To be honest I wasn't going to do one on being home.
Mostly because being at home is BORING!
But it part of the process. Trying to find some kind of normal again. Simply trying to find some kind of comfortable position. Sitting, standing and lying down are all uncomfortable for one reason or another.
I think I wanted to avoid it because it's also uncomfortable mentally. I have to go back to where "it" happened. There was a certain fear and trepidation when I first went back into my office at home and sat down in front of the computer. There, in that chair, facing that monitor. And nothing happened. It's a desk in a room with a computer.
In those moments I think a little more of me healed.
Home heals me in other ways. I can catch up with the world a little bit. I came home to a stack of get well cards from family and friends. It was a wonderful gift. I get great support from the comments on Facebook and here on the blog as well. I'm trying not to overdo anything but I've had a couple visitors and talked to a couple folks on the phone. And a little more of me is healed.
I can begin to do things for myself slowly. Make a meal, get up and down to get things for myself. Each day a little more. Today's victory was vacuuming the carpets on the first floor. Another step towards normal, another step towards healing.
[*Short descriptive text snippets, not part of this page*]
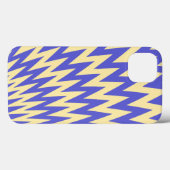 Blau und Cream Zigzag Zickzack Muster Case-Mate iPhone Hülle (Rückseite (Horizontal))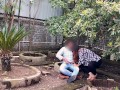 Public garden Sex Girlfriend with boyfriend blowjob and fucking without condom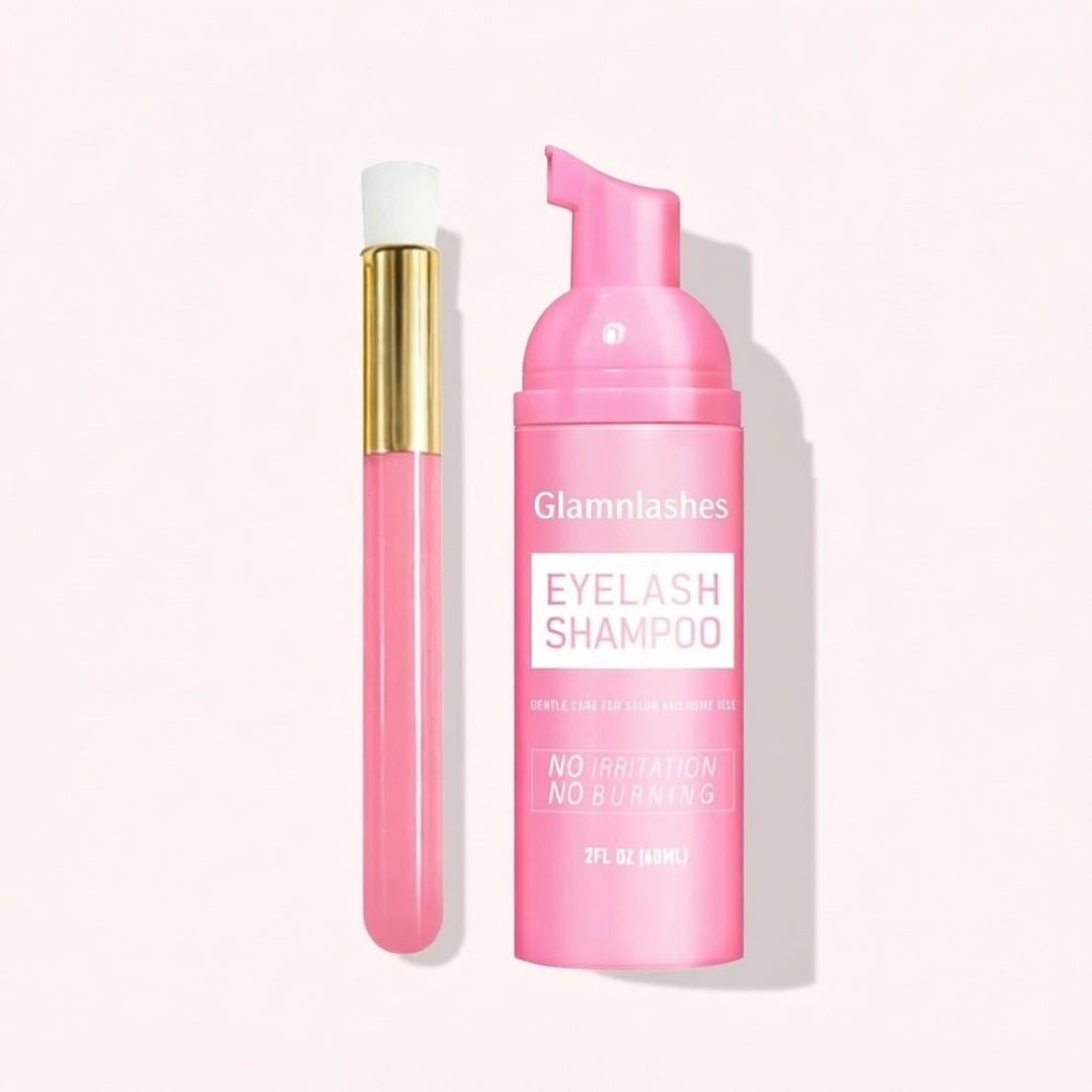 Pink 60ml Glamlashes eyelash shampoo with cleansing brush, irritation-free lash foam cleanser for grafted eyelash salon care product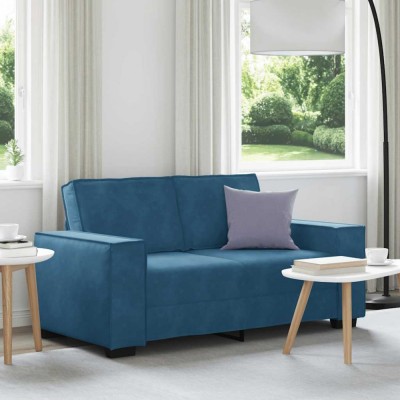 vidaXL Canapea cu 2 locuri, albastru, 120 cm, catifea 4105019 foto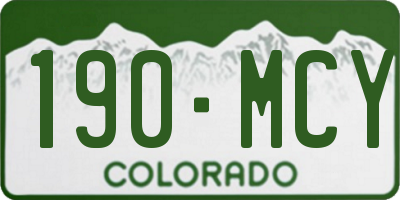 CO license plate 190MCY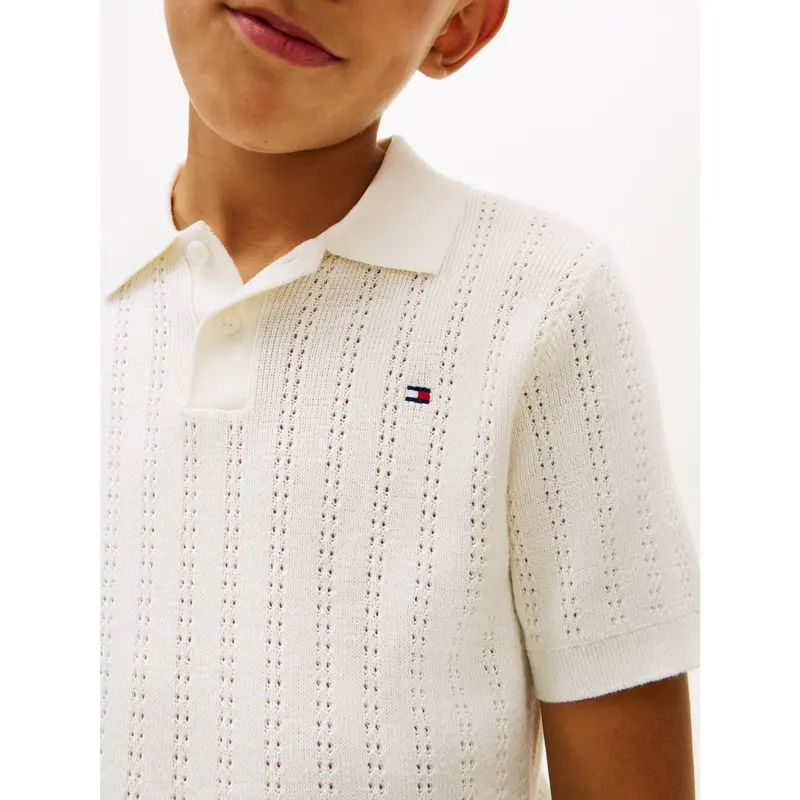Tommy Hilfiger Ivory Silk Open Stitch Polo Sweater Ss 3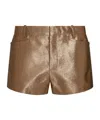 Shop Tom Ford Lurex-detail High-waisted Shorts In Brown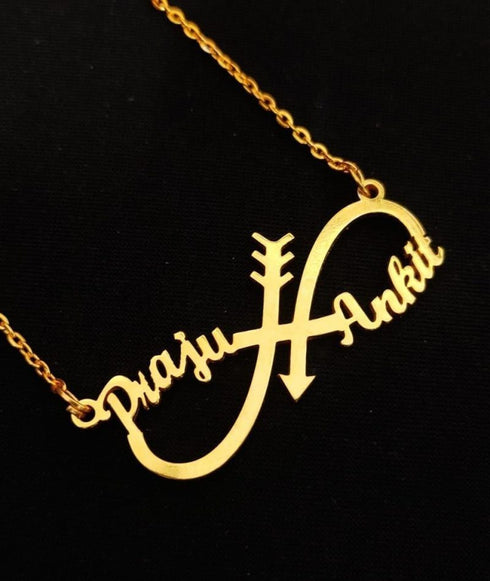 Personalised Arrow Infinity Name Pendant - Uncommongifts.in
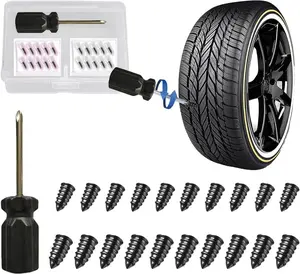 20 pcs Tyre Repair Screw, Fast Self-Service Car Puncture Repair Kit, Tire Rubber Nails Tool, Emergency Car Accessories for Bike Motorbike Bicycle Flat Tire Plug with Storage Tool Box (10S/10L)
It's also a time of humility. Being taken care of at the hospital is one thing. To realize that you can't do certain things yet and will need help at home is different, at least for me. My lady wife has suffered through a great many illnesses over the last almost 30 years. It was my role to care for her in my own fumbling way. I was the healthy one. Now I had to ask her to come and dry my feet after a shower. To help me dry my hair, to dress myself in part because I couldn't lean down far enough to get my pants started. Her great love of me has shown through in the sacrifices she's made over the last 10 days. My ego has had to humble itself to accept those acts of love. They are freely offered gifts. The impact of them has been greater than I expected. I have been blessed with a true partner and soul mate.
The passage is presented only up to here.